Still, few talk about capacity. There is, however, a lot of talk about liquidity. But the real liquidity issue lies in the asset classes that ETFs cover, and just how big and liquid they are to accommodate big and growing ETFs.
“The less liquid the asset class and the bigger the fund, the more you’re going to run into these issues,” said Jim Wiandt, founder of ETF.com, and now a consultant in the industry. “They’re becoming increasingly common in the ETF space, because some of these funds have just gotten so big, that even in asset classes where you really didn’t have capacity problems in the past, you’re starting to get a little bit of a tilting of the tables.”
But herein also lies opportunity.
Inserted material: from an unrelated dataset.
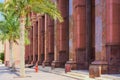 Fragment of majestic marble facade with columns and huge arched windows in luxury Emirates Palace hotel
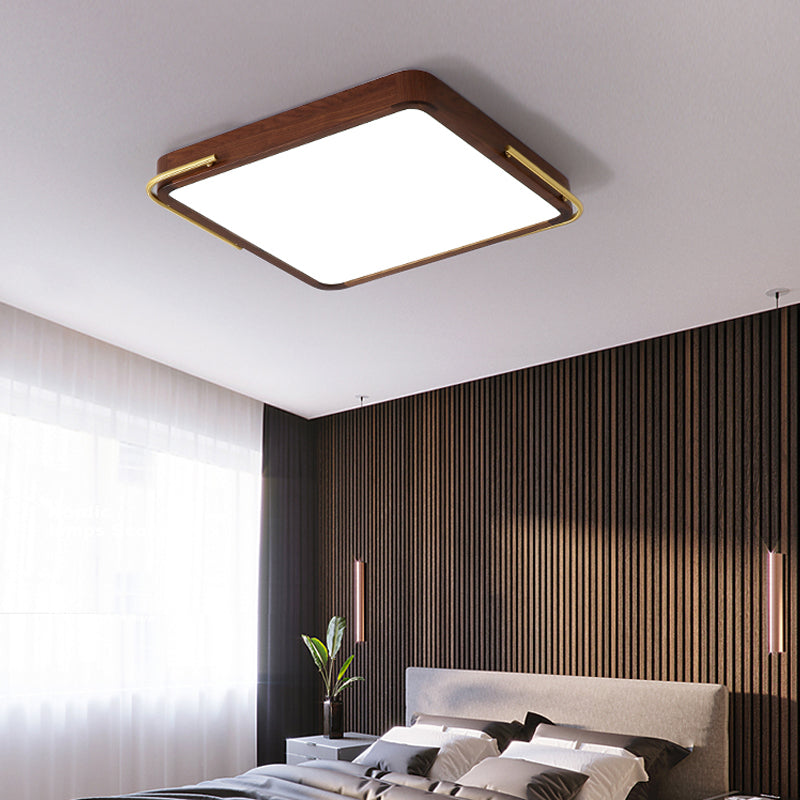 Square Wood Ceiling Flush Light Simplicity LED Brown Finish Flushmount Light, 13"/19" Wide Clearhalo 'Ceiling Lights' 'Close To Ceiling Lights' 'Close to ceiling' 'Flush mount' Lighting' 339242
For issuers with smaller funds that watch their competitors grow so big they need to bend their index, this could open the door for new assets.
Returning to the junior gold miner space, there are other funds that continue to focus on smaller firms. As GDXJ lifts its market-cap average, a fund like the Sprott Junior Gold Miners ETF (SGDJ), with $55 million in AUM, could pitch itself as the true junior gold miner ETF, since it keeps its market-cap parameters between $250 million and $2 billion. The same could be said with the $44 million Global X Gold Explorers ETF (GOEX), which has a similar range as SGDJ, of $200 million – $2.4 billion.
So the buzzword to pay attention to going forward is “capacity.” Know when your fund is getting so big that it’s changing its index. That could mean a significant change in what you’re investing in, and maybe the signal that it’s time for you to get off the elevator.